アイザック・アシモフの有名な短編「夜来たる」は六個の太陽が一日中地上を照らす夜の無い世界で生まれて初めて星空を見る人々の物語です。

逆に、夜しかない世界に朝日が昇る話をかけないかと思い立ちました。

最初に考えたことは、常夜の世界を作る方法でした。

地下に閉じ込められた環境など限られた状況ならば陽光の届かない夜だけの世界も可能ですが、惑星全体を夜にすることはなかなかに困難です。

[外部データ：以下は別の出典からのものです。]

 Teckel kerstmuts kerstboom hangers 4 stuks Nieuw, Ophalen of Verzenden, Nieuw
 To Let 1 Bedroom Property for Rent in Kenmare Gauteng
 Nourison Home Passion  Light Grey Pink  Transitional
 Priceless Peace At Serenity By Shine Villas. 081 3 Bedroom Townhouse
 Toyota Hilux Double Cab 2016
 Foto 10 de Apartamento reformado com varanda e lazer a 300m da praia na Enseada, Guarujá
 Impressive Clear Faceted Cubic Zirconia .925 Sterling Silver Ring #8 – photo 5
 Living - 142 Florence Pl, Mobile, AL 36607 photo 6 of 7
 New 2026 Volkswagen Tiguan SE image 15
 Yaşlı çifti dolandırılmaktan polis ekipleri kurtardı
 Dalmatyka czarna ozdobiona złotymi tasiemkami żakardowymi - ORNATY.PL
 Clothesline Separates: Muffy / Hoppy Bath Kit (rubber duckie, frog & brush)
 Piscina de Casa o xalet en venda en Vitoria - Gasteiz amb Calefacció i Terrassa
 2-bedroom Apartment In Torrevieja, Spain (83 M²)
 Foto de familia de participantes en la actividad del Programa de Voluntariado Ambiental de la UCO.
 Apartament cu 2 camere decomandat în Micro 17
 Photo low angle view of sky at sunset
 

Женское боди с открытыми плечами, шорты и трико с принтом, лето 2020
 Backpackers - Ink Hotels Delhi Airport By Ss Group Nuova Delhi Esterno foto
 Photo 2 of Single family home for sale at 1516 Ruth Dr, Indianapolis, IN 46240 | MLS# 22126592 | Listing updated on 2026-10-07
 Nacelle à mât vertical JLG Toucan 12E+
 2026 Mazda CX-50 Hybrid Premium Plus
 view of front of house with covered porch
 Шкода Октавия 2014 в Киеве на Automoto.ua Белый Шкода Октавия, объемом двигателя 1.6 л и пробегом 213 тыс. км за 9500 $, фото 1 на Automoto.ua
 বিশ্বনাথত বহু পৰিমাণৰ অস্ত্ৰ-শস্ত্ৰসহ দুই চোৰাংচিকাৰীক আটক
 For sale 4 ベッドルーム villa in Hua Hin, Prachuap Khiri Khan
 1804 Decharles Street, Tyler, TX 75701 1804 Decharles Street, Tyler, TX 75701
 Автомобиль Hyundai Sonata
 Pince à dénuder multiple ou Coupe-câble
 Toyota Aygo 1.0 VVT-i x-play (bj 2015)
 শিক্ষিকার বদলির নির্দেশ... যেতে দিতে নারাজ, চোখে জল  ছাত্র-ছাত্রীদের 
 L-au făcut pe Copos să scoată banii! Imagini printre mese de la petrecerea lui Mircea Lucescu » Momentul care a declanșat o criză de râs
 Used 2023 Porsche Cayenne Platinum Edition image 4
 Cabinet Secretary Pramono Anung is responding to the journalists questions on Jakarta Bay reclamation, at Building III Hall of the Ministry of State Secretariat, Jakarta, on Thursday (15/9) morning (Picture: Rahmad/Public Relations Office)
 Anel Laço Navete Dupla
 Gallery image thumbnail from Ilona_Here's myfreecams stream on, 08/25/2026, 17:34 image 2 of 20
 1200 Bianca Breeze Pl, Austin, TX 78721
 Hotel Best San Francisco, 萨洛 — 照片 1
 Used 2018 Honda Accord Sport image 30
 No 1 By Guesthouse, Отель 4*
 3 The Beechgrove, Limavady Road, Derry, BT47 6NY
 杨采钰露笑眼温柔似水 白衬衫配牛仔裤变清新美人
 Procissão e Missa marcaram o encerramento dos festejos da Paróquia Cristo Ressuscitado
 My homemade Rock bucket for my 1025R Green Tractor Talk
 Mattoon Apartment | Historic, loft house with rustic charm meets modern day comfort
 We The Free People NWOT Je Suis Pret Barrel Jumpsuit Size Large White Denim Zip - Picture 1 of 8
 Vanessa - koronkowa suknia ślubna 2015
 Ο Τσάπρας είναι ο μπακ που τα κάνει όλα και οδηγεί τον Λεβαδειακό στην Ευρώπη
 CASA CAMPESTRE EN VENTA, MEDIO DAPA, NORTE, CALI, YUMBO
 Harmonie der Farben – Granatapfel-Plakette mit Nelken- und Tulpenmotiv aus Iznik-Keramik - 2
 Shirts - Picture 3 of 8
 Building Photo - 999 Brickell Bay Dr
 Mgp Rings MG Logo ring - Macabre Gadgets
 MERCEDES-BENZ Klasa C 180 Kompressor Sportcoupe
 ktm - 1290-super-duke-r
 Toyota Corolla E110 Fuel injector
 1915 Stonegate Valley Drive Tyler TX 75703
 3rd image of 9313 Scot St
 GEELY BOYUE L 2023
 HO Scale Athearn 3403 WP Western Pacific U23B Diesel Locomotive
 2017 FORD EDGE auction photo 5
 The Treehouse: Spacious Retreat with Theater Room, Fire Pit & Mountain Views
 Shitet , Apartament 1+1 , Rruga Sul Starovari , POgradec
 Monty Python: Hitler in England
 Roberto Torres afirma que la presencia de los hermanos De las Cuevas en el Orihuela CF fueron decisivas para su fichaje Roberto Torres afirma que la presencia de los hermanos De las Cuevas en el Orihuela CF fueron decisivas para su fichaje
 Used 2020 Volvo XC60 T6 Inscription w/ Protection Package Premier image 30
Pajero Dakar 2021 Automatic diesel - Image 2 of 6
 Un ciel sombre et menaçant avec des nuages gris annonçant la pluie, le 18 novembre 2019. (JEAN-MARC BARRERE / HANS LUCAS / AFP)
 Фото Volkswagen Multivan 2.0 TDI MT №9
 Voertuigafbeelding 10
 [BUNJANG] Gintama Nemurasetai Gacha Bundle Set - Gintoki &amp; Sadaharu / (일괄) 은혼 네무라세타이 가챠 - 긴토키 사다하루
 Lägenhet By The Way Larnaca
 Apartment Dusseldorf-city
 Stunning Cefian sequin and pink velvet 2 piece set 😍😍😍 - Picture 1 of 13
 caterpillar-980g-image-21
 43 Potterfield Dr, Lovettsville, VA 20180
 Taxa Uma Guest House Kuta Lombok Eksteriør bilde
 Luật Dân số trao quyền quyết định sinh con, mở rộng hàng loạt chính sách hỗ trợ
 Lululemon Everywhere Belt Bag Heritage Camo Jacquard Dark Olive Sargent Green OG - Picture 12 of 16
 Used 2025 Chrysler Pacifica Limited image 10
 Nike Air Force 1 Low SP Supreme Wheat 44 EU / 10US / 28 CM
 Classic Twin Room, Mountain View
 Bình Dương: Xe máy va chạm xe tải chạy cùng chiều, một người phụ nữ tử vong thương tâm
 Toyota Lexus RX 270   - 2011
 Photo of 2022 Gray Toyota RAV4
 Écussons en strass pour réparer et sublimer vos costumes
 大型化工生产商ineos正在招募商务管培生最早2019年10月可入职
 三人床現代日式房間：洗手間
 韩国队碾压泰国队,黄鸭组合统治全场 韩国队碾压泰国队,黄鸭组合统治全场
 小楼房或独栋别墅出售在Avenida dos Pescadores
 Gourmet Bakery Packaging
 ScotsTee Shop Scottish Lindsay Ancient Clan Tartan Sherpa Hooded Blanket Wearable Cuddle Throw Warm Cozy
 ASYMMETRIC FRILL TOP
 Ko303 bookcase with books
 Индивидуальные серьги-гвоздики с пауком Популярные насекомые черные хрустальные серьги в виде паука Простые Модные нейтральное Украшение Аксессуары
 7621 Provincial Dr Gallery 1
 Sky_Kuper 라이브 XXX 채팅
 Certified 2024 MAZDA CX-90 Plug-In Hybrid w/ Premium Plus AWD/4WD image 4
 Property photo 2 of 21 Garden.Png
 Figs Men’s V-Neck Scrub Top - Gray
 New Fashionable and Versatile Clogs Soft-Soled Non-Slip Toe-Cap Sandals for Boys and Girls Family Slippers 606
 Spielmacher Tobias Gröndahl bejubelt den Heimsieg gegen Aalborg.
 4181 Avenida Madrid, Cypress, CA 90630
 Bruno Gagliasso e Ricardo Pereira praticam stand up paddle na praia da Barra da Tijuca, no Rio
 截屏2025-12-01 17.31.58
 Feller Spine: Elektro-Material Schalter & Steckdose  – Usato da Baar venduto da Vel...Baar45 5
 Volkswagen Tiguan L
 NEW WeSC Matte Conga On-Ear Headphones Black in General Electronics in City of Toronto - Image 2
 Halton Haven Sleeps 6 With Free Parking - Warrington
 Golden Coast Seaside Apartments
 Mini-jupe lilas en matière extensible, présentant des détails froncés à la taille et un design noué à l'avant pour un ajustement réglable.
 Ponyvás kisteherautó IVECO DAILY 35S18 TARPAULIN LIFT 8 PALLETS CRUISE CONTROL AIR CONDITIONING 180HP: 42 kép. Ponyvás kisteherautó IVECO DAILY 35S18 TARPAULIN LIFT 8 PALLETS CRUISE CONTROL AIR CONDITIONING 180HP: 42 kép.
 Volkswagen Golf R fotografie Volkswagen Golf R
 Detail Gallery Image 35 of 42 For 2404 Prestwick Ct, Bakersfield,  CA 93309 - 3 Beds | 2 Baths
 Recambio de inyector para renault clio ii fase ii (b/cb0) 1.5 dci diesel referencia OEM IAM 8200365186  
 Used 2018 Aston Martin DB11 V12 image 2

太陽そのものを無くすと夜明けをもたらす太陽をどこから持ってくるかが問題になります。それと、地上が凍り付きかねません。

そこで、太陽を隠すことにしました。

作中に出て来る「闇空」はダイソン球の出来損ないのようなものです。

SF作品にたまに登場するダイソン球は、恒星の放つエネルギーを余すことなく利用するために星を囲う球殻状の構造物として描かれます。

本作の闇空はダイソン球ですが、所々穴が開いています。

本来は人が居住する惑星の運行に合わせてその穴が光を通し、人々は陽光の恩恵を受けていました。

しかし、闇空を作った宇宙文明が滅びたことで、その仕組みが狂いました。

結果として二千年に一度の朝となったのがこの世界です。

また、闇空は吸収した太陽光のエネルギーを任意の場所にマイクロ波の形で送信する能力があります。

この闇空の機能を利用する能力を獲得した植物が「ラジオ草」になります。

日の射さない世界で人が生活できる環境を作るために考えた設定ですが、生物は様々な環境に適用するものです。

二千年に一度の日光を地下で待ち続けるとか、日の光に代わるエネルギー源を見つけ出すとかありそうです。

そうやって夜の世界の生態系や気候を考えているうちに一つ気が付きました。

この世界、ちょっとバランスが崩れれば簡単に滅びる。

そんなわけで、「夜来たる」では百万の星空に人々が魂を奪われたことで滅びますが、この物語ではもっと物理的に滅びます。

現在の文明の発展も、ここ数千年にわたって地球の環境が安定しているからだと聞いたことがあります。

宇宙規模の異変は、文明を滅ぼすきっかけとして十分なインパクトがあると思います。